¡Desalojen el Bernabéu, aviso de bomba!


Casi 70.000 aficionados abarrotaban el Santiago Bernabéu aquel 12 de diciembre de 2004. Los blancos recibían a la Real Sociedad de Nihat, Kovacevic y compañía. Un partido que pasaría a la historia del fútbol español. Por algo inaudito que pudo acabar en tragedia. Un aviso de bomba agitó la noche, en tiempos de terrorismo ETA.

Corría el minuto 88 de partido cuando la megafonía del estadio interrumpió el juego. Que todos desalojen el estadio de inmediato, sin dar explicaciones. El diario vasco Gara había recibido una presunta llamada de ETA, en la que amenazaban con estallar una bomba a las 21:00 de la noche. La noticia llegó a la policía, y a través de la radio a los que disfrutaban el encuentro pegados al pinganillo.

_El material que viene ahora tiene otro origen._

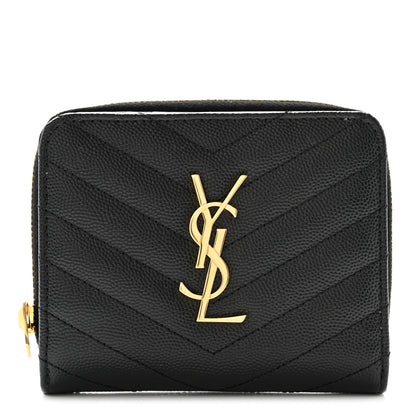 Saint Laurent Grain De Poudre Matelasse Chevron Monogram Compact Zip Around Wallet Black 1 of 11
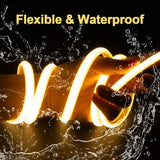 Tira de LED de 220 V con interruptor de encendido/apagado, resistente al agua, flexible, para dormitorio, cocina, jardín, iluminación exterior.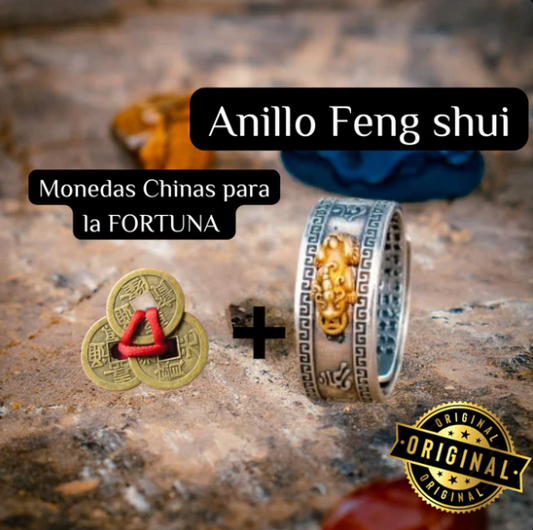 Anillo Feng Shui Buda + Monedas Chinas de Regalo para la prosperidad🎁🔥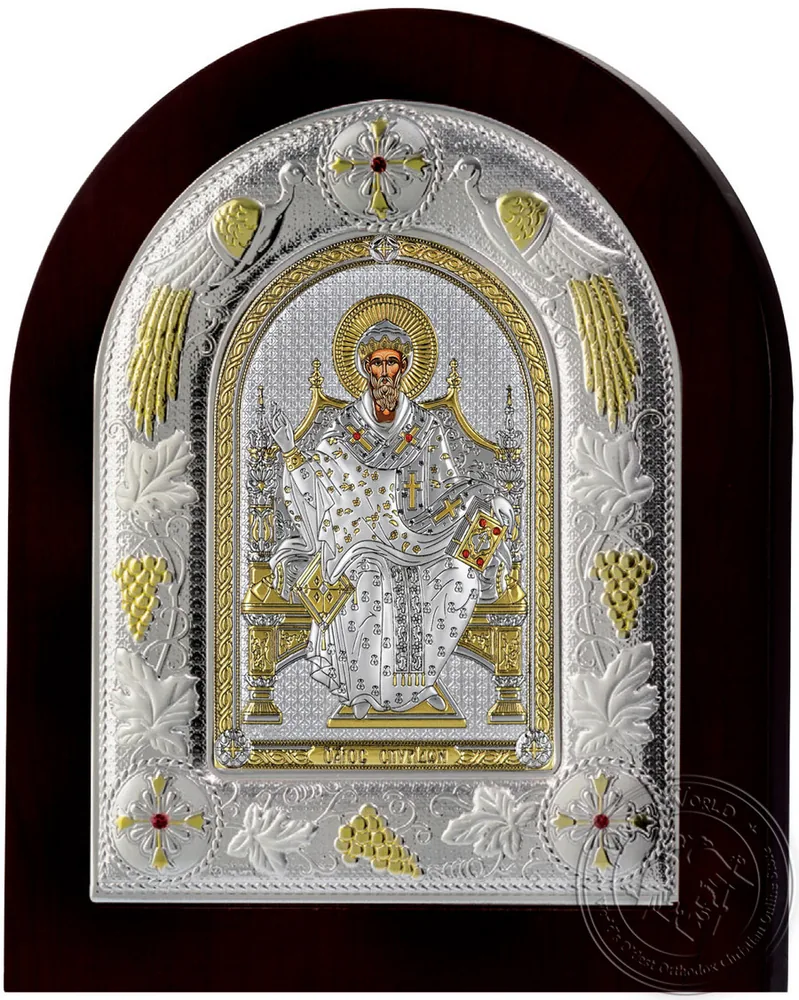 Святой Спиридон трон, серебряная икона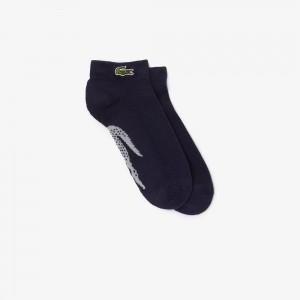 Men's Lacoste Sport Stretch Cotton Low-Cut Socks Navy Blue Grey Chine | BCK914203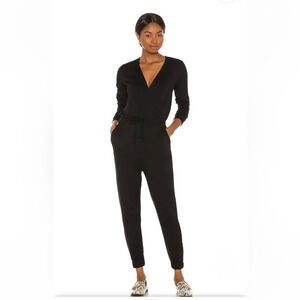 Beyond‎ Yoga Black Overlapping Long Sleeve Fleece Jumpsuit Large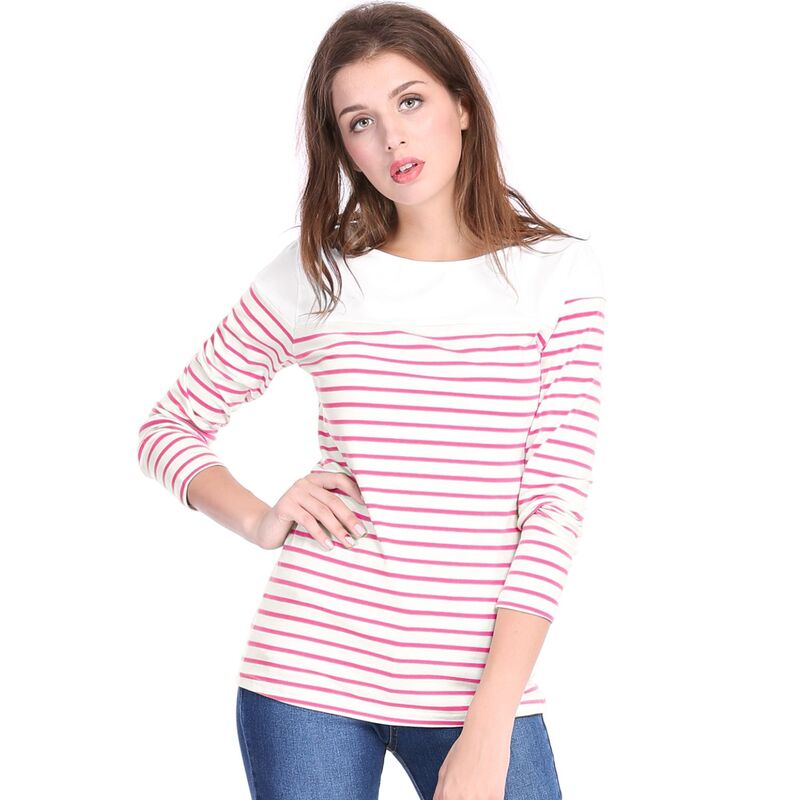 アレグラ ケー レディース トップス シャツ ALLEGRA K Women's Color Block Long Sleeve Striped Causal T-Shirt Light Pink ピンク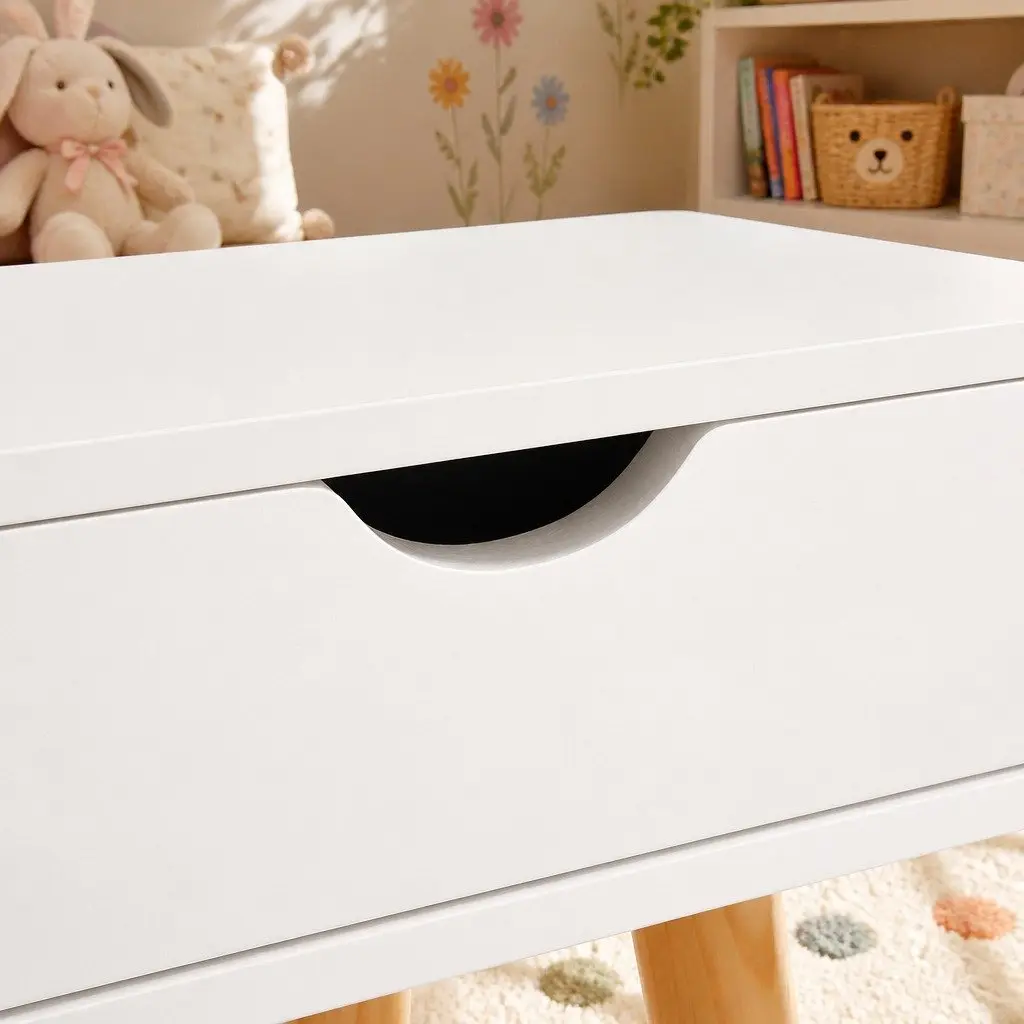 Kids Dressing Table Vanity Set White Wooden 70cm Pine Wood with Chair Mirror Storage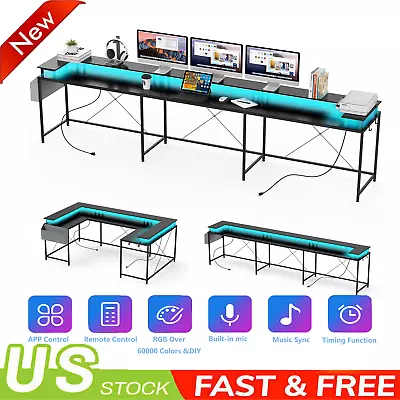 ﻿ Premium U Shaped Desk With Power Outlets & LED Lights & Drawers For Home • $186.11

A contrarreloj y ante la gravedad de la desconocida situación, espectadores y protagonistas de ambos clubes huyeron por bocanas de vestuarios, vomitorios y puertas principales. Los jugadores preguntaban al árbitro el porqué de la suspensión del partido. Vicente José Lizondo Cortés, como aseguró días después, no quiso contarles la verdad para evitar el pánico:

Me dijeron el motivo, pero no se lo transmití a los jugadores. Tenían familiares en el campo. Les dije que teníamos que irnos y ellos no paraban de preguntarme

El panorama era tenso. Aquella llamada parecía ir muy en serio. El Bernabéu quedó vacío en 8 minutos. Mientras las Fuerzas de Seguridad iniciaban el protocolo de inspección con perros policía rastreando las gradas en busca de artefactos, en los exteriores se mezclaban aficionados y jugadores, aún vestidos de corto y hasta con las botas puestas.

 

 

Finalmente, todo fue una falsa alarma. Fuentes policiales insistieron en que no hubo aviso previo a sus hombres desde la Dirección General de la Policía, y criticaron la mala organización de la evacuación. Por suerte, no hubo ni un solo herido. Los hinchas abandonaron el estadio con rapidez y orden. Pero… ¿qué iba a pasar con el partido?

6 minutos para la historia

El tiempo que le quedaba al encuentro entre los galácticos y el equipo txuri-urdin eran dos más el descuento. Tenía que jugarse. Y el partido de la no bomba concluyó en empate. Aún todo por decidir.

Tras varias propuestas, el partido suspendido decidió reanudarse en la Noche de Reyes. El 5 de enero de 2004, en un Bernabéu a puertas abiertas. El estreno de Luxemburgo como técnico merengue no podía ser más estrafalario. Seis minutos para ganar el partido. El partido más corto de la historia.

Toda la artillería, para lograr una victoria fugaz (Eurosport)

El escenario obligaba al riesgo. La Real y el Real sacaron toda la artillería para ganar sobre la bocina. Beckham, Guti, Zidane, Raúl, Morientes y Ronaldo en un mismo once. Pocas veces se ha visto algo tan ofensivo. Obtuvo recompensa. Penalti fabricado por ‘El Fenómeno’ y gol de Zizou. Tres puntos en un pseudopartido que hoy se cuenta como anécdota. Mejor así, preferible el susto… al lamento.